In an Air Force that celebrates diversity and values inclusion, Women's Equality Day stands as a poignant reminder of the ongoing struggle for parity. This day, observed annually on August 26th, not only commemorates the passage of the 19th Amendment but also serves as a rallying call to recognize and address the multifaceted challenges that women continue to face in their pursuit of equal rights and opportunities.

When I embarked on my Air Force journey in 1993, I arrived at the Air Force Academy completely unaware of the path that had been forged at that institution since 1976 when the first women entered.  The first class with women had graduated only 13 years before I got there, yet it felt like we’d been there forever.  I don’t speak for all women, but I know that when I joined, I didn’t even have the vocabulary to begin to describe, let along address, the institutional barriers that limited women’s full participation in the Air Force.  There were so many challenges that remained at that time to create an Air Force that really does provide equal opportunities for women. 

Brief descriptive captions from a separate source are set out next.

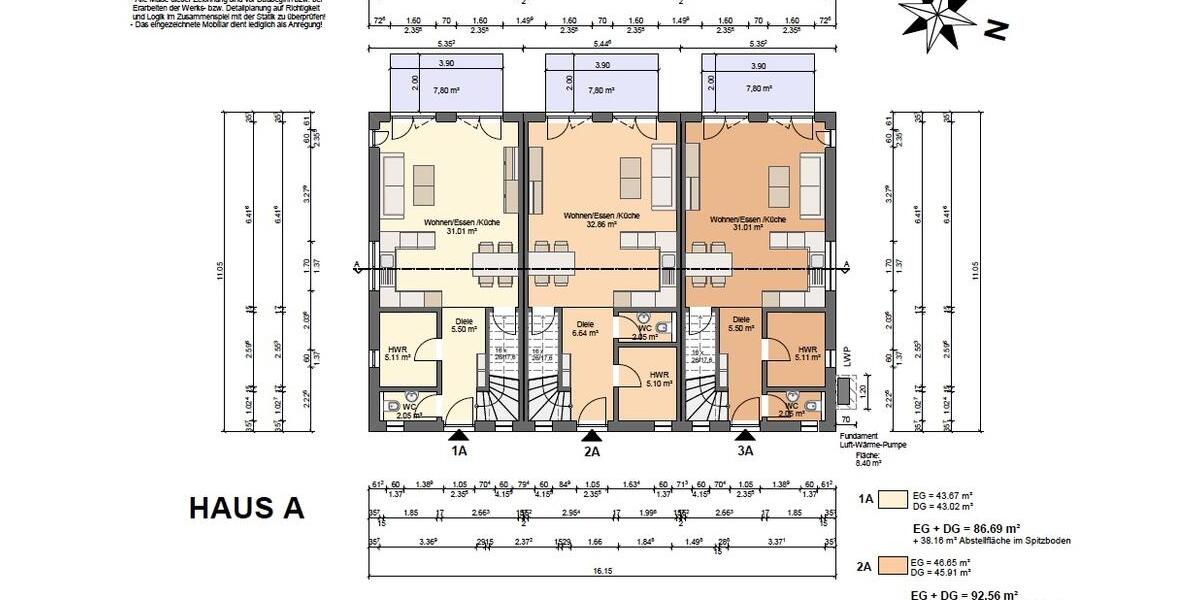 Etagenwohnung Ganderkesee - 3 Zimmer, 92 m&sup2;, 358.500&euro; | Angebot:26501893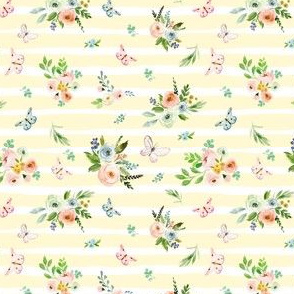 4" Spring Time Bunny Florals Pale Yellow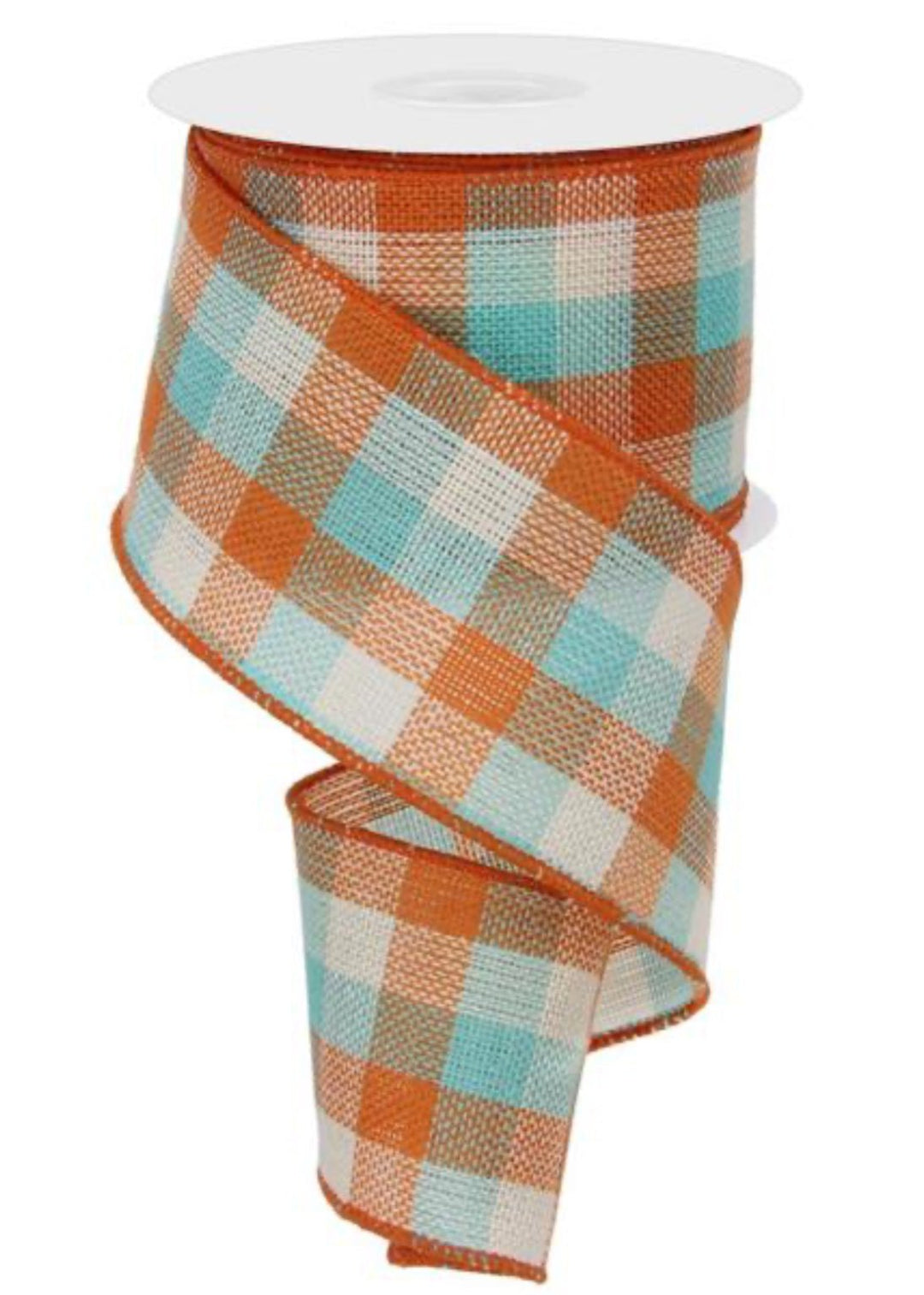 Orange and teal plaid 2.5” - Greenery MarketWired ribbonRGA192534
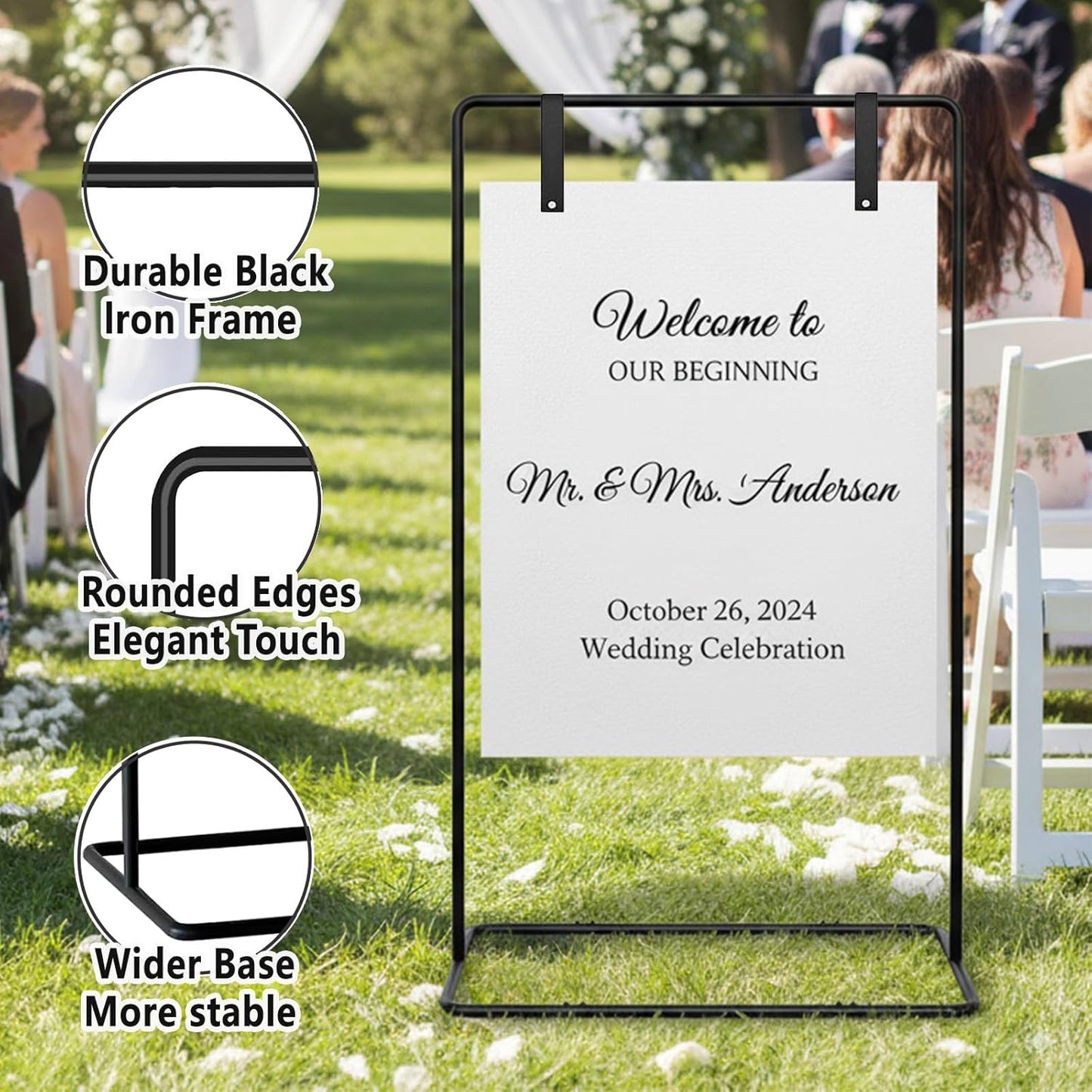 Wedding Sign Holder, Adjustable Welcome to Our Wedding Sign Stand with 4 Leather Sign Hanging Straps, Wedding Seating Chart Stand for Party, Baby Shower, Graduation Ceremony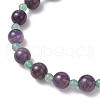 2Pcs Natural Green Aventurine & Amethyst Round Beaded Stretch Bracelets for Women BJEW-JB11928-5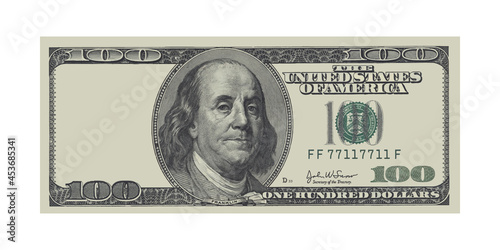 Highly detailed one hundred dollars USA bill mockup with empty left side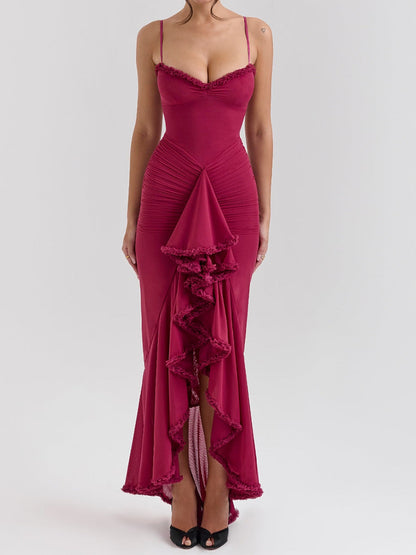Vestido camisola de malla de alta calidad para mujer de principios de otoño, plisado, irregular, asimétrico, sin mangas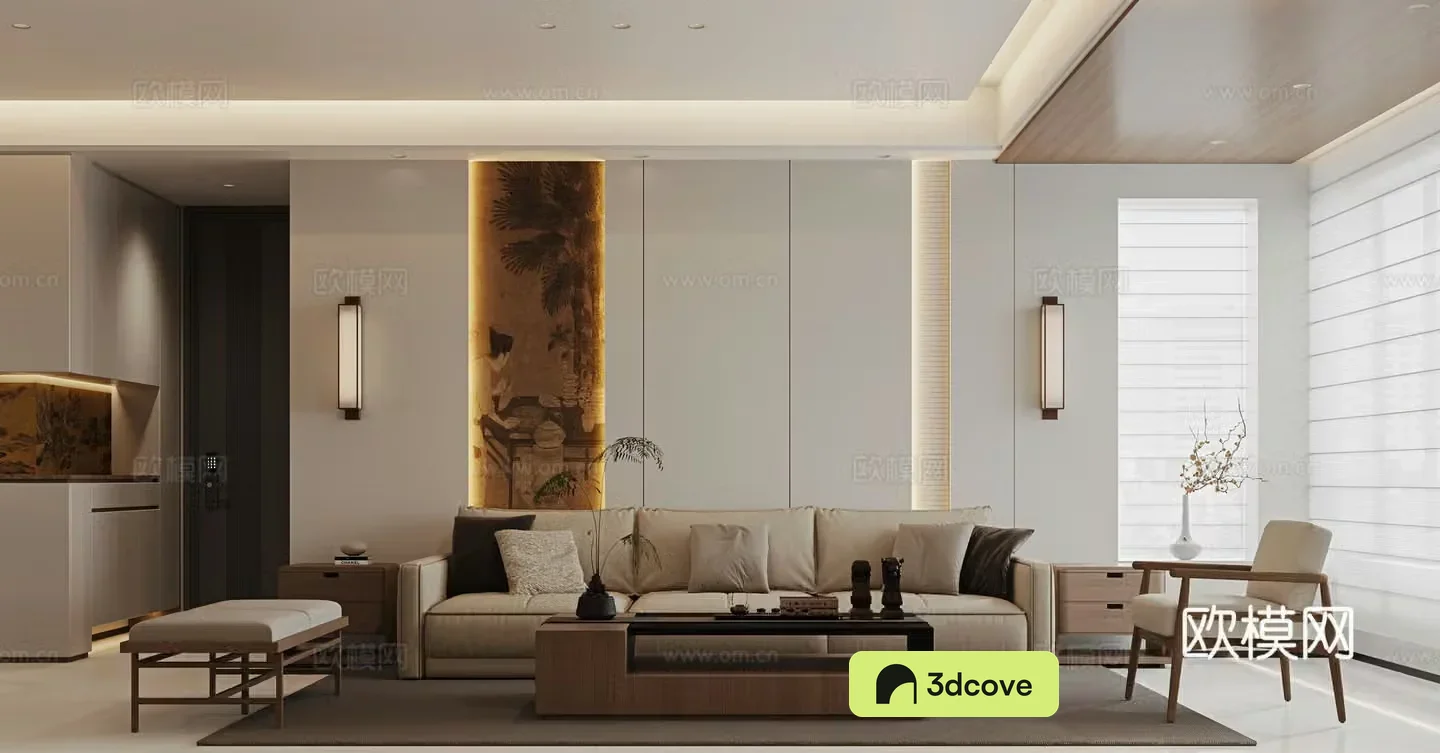 New Chinese style living room sofa background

Women in the Air Force in the ‘90s, when I joined, were making great strides toward equal opportunities to lead and fly.    Over the last decade, it’s been inspiring to cheer on and participate in some of the efforts across the Air Force that have led to positive changes.  Changes to parental leave, hair standards, and uniforms are some of the most visible improvements, but challenges remain in areas like childcare and support for dual-military and dual-working families, among other areas. 

I’ll leave you with three thoughts as we celebrate Women’s Equality Day this year.  First, Women’s Equality in the Air Force is not only a women’s issue, but it’s a men’s issue too.  Men's support for women's equality is a demonstration of solidarity and wingmanship.  Recognizing and advocating for gender equality showcases a commitment to social justice, and men's involvement in these efforts adds a powerful voice to the cause.

Second, creating equality for women in the Air Force requires institutional change, which is difficult but fully worthwhile.  Working from the inside to make any sort of change takes time and usually takes thick skin.  I’ve learned that, in the Air Force, you can make the most progress on an issue by demonstrating how the change we need will enhance force readiness and mission accomplishment. 

Finally, women’s equality creates stronger teams. When women have an equal voice, teams benefit from the richness of different viewpoints, which can lead to more innovative solutions, better decision-making, and a broader understanding of complex issues. Women also often bring different problem-solving strategies and communication styles, which can lead to more holistic and comprehensive solutions.  

As we commemorate Women’s Equality Day, it becomes clear that the road to full equality remains both challenging and necessary. While victories in areas such as parental leave, uniform standards, and opportunities for leadership are cause for celebration, the mission to achieve comprehensive gender equality requires unflagging commitment and institutional change. Men's steadfast support, alongside the dedication of women within the Air Force, underscores the collective aspiration for a force that is truly diverse, inclusive, and reflective of the values it upholds. By embracing these challenges and striving for equality, the Air Force not only strengthens its operational readiness but also fulfills its promise of honoring and empowering all who serve.